▶ Activity
What is needed is an exact copy of every line from the one with "ranch-style home featuring a front lawn" to the end of the entries below, without the pictures.

▶ Records for this task

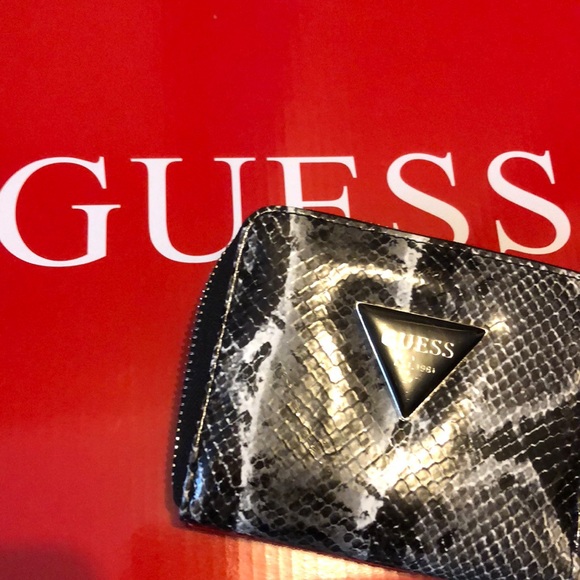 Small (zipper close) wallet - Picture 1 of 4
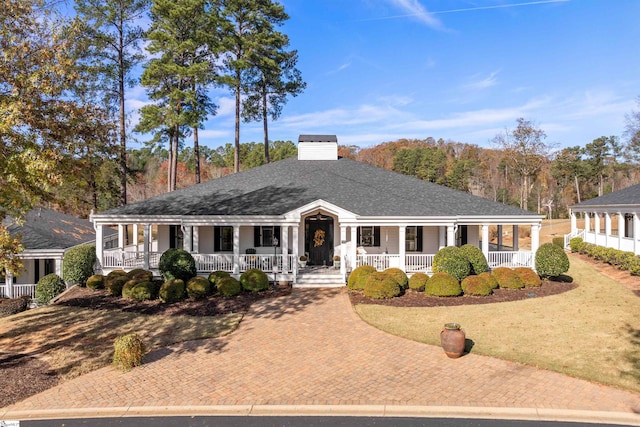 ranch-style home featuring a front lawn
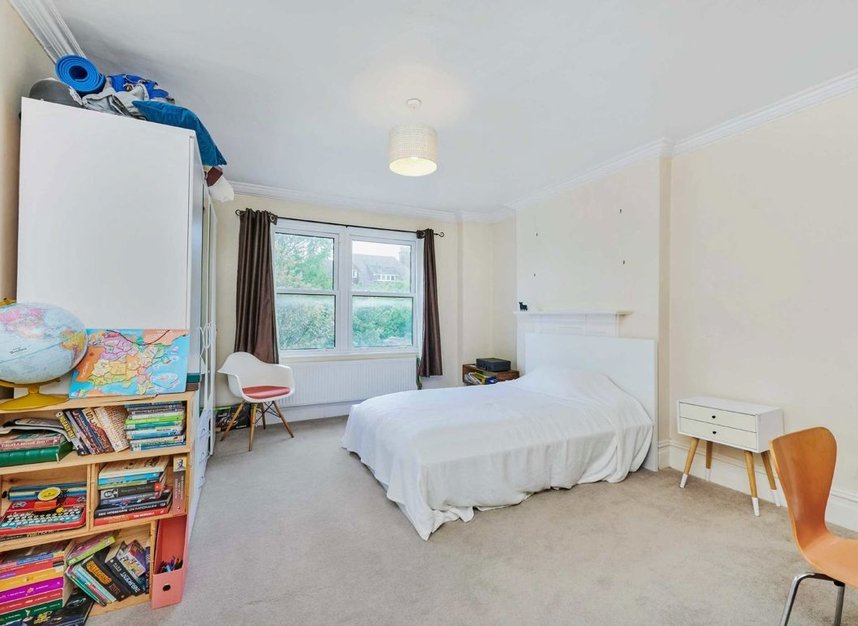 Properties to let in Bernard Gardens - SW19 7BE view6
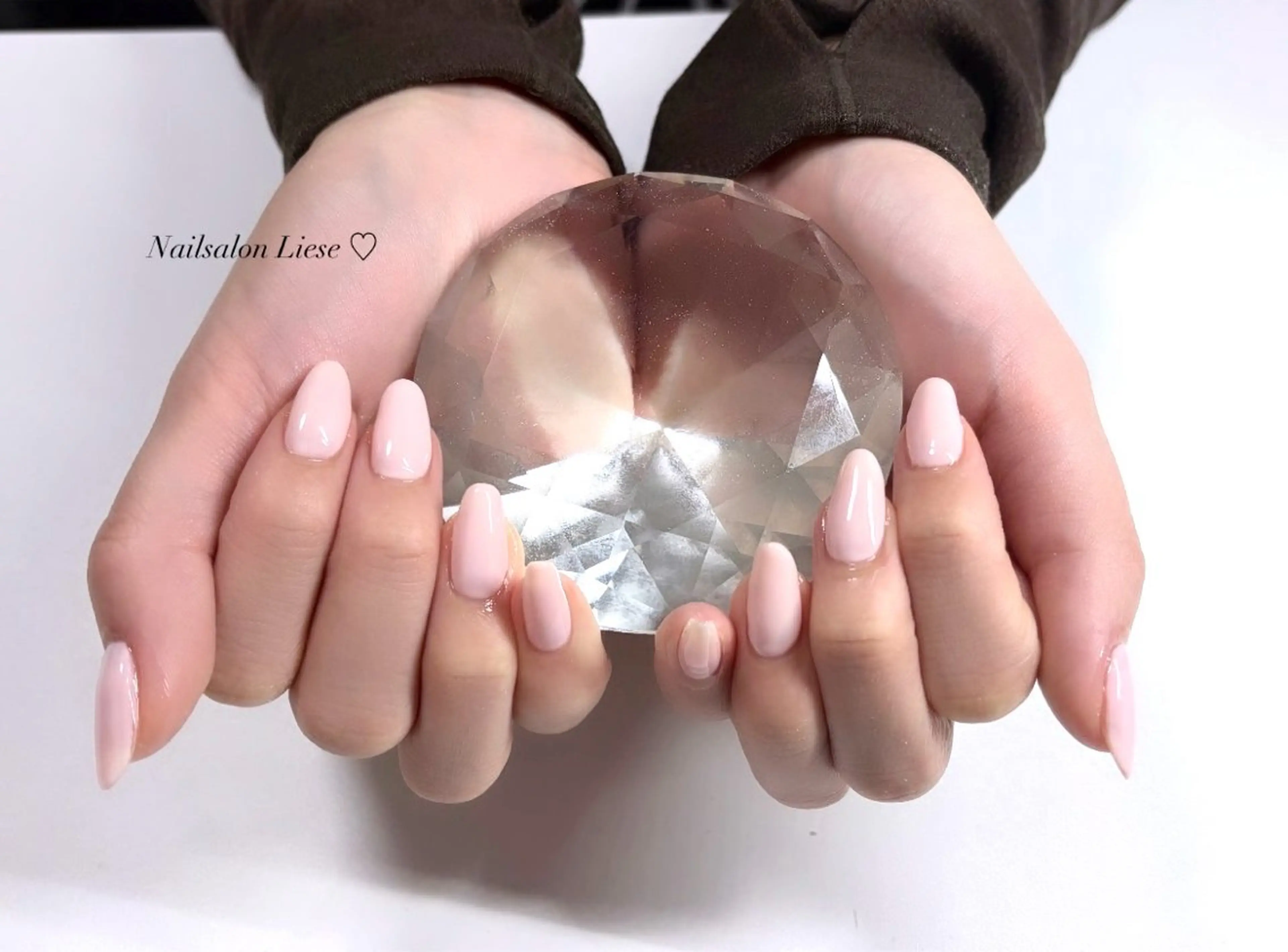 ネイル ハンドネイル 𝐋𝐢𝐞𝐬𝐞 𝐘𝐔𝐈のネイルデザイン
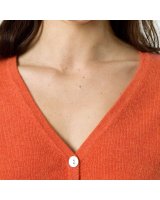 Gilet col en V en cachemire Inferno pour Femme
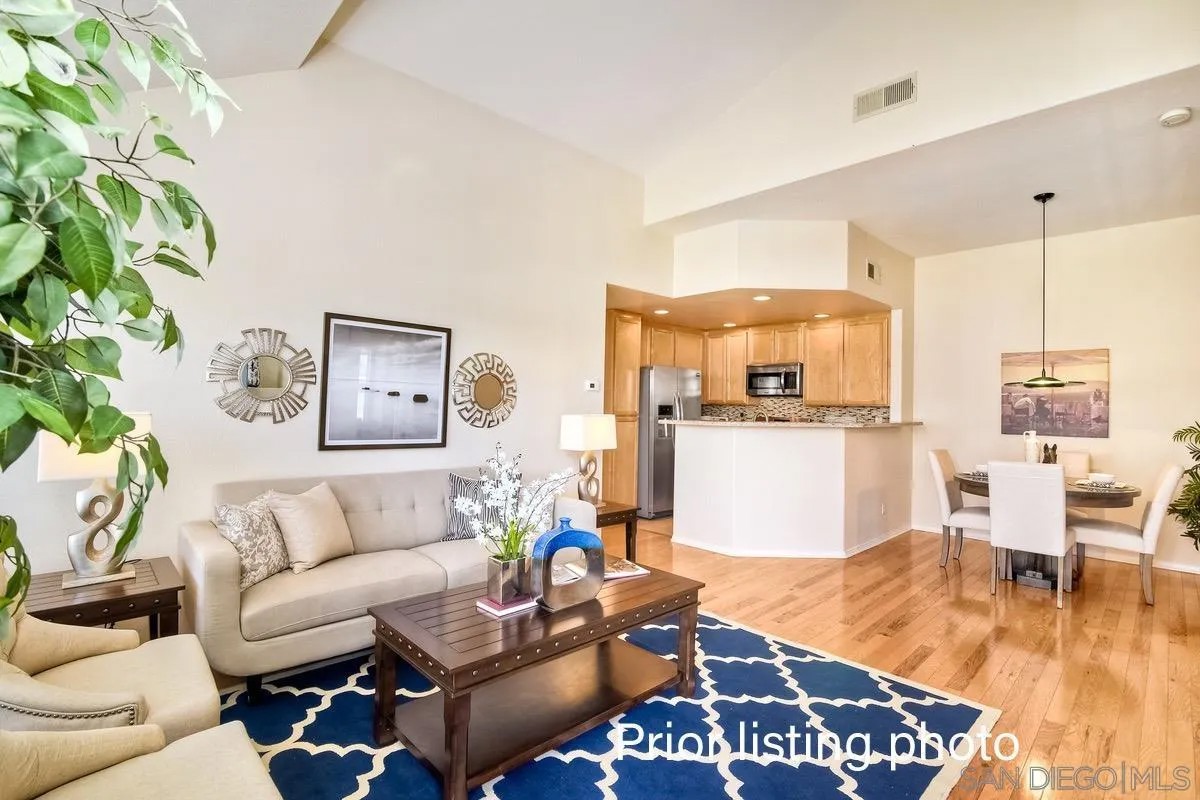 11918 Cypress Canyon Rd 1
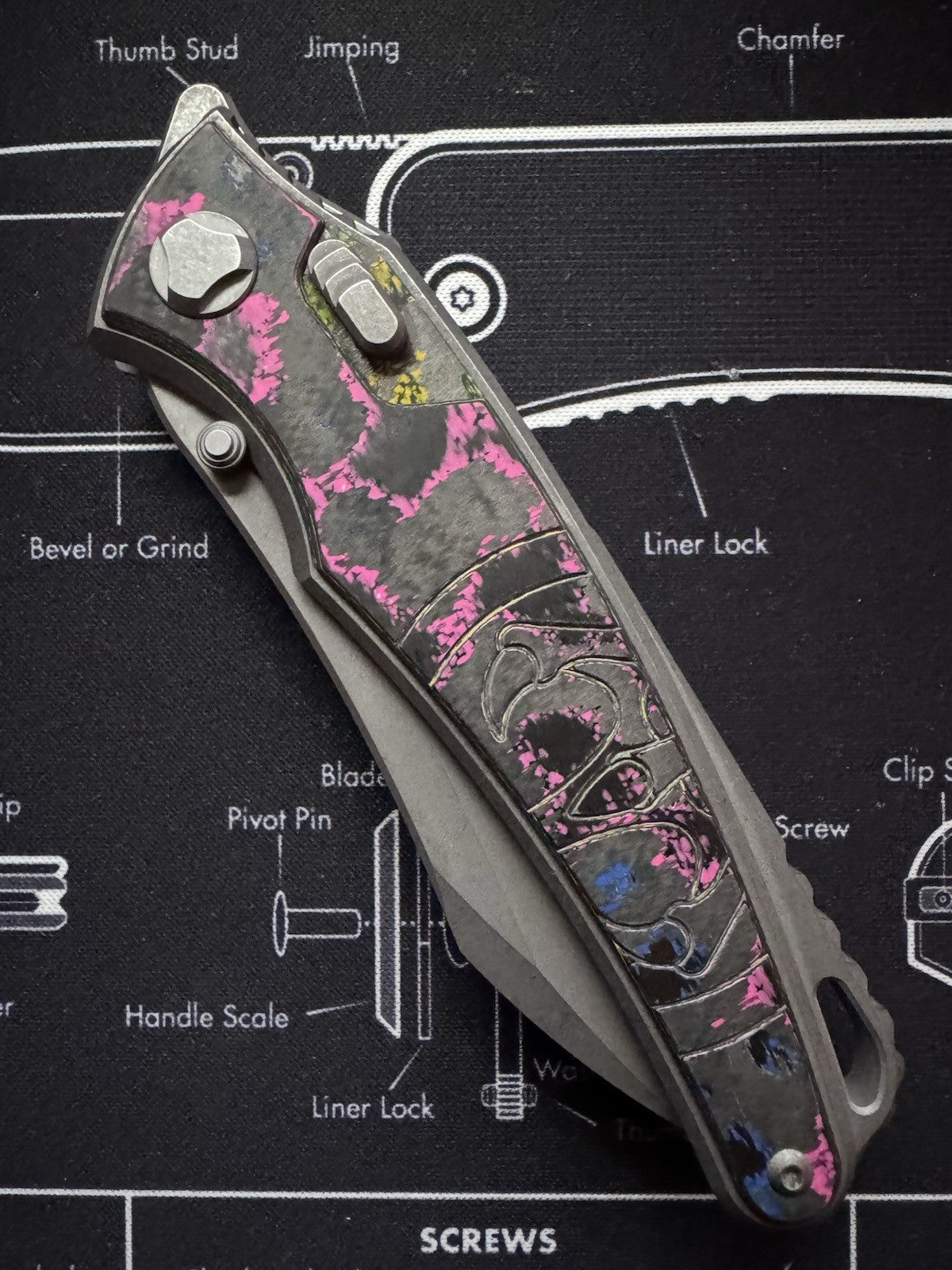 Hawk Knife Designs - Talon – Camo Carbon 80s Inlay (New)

▶ Worked solution
 ranch-style home featuring a front lawn
 Properties to let in Bernard Gardens - SW19 7BE view6
 ネイル ハンドネイル 𝐋𝐢𝐞𝐬𝐞 𝐘𝐔𝐈のネイルデザイン
 Gilet col en V en cachemire Inferno pour Femme
 11918 Cypress Canyon Rd 1
 Hawk Knife Designs - Talon – Camo Carbon 80s Inlay (New)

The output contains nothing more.